Open ernestodossantos opened 3 years ago
@ernestodossantos, could you provide more detail around the use case and what AWS services would the SDK interact with? Thank you.
Hello @joshongithub,
We need to perform transcriptions in real time during a phone call. Our automated system process calls, interacting with the caller through speech recognition (Amazon Transcribe) and text to speech (Amazon Polly). However, currently we can only do this speech recognition uploading the recorded speech to S3 and then running the recognition from there. Doing this in real time would be a huge improvement for us.
@ernestodossantos - thank you for the detail. Do you know if any of the other AWS SDKs provide this support? I'm looking for an example of how this support has been implemented elsewhere. I see we have API support for both Amazon Polly and Amazon Transcribe, but it sounds like to implement this feature would require a new library that combines the two.
Amazon Polly is fine, it can be used separately. The problem is with speech recognition, because we need to stream the audio in real time, and get the recognition back in real time. The service we need to use is the following: https://docs.aws.amazon.com/transcribe/latest/dg/streaming.html
But it is not implemented in all client SDKs. According to this page, this is only available for C++, Java and Ruby.
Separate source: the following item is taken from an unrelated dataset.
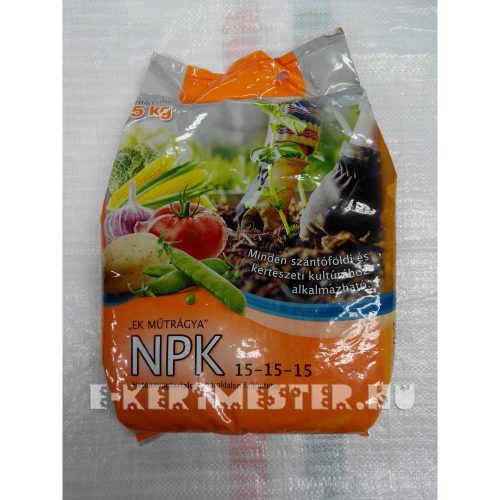 Komplex NPK 15-15-15 5 kg műtrágya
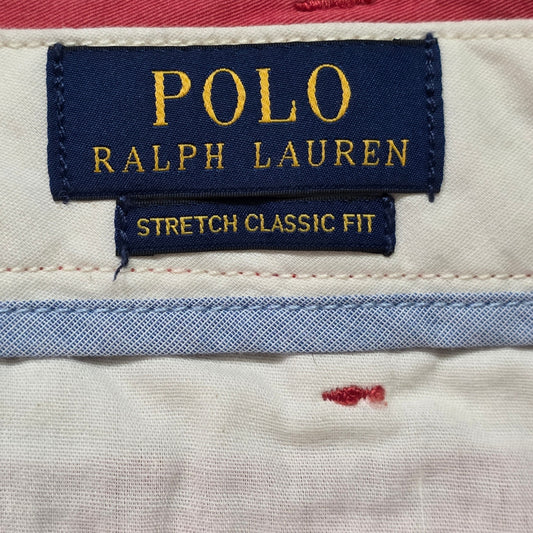 Polo Ralph Lauren Chino Shorts Men’s 42 Red Classic Fit Cotton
Here's a usage example for Java: https://github.com/aws-samples/aws-transcribe-streaming-example-java
Our applications are built with .NET Core (actually .NET 5.0), so we would need this in the .NET SDK to be able to use it.
Thank you for the detail, I understand the issue now and I'll forward the details of your request to the service team.
Thank you, much appreciated!
This feature would be very helpful for me as well The feature was added to the Go SDK in 2020 (https://github.com/aws/aws-sdk-go/pull/3048)
The .NET SDK doesn't support streaming transcription. This is a very important feature for us. Is this something you're considering?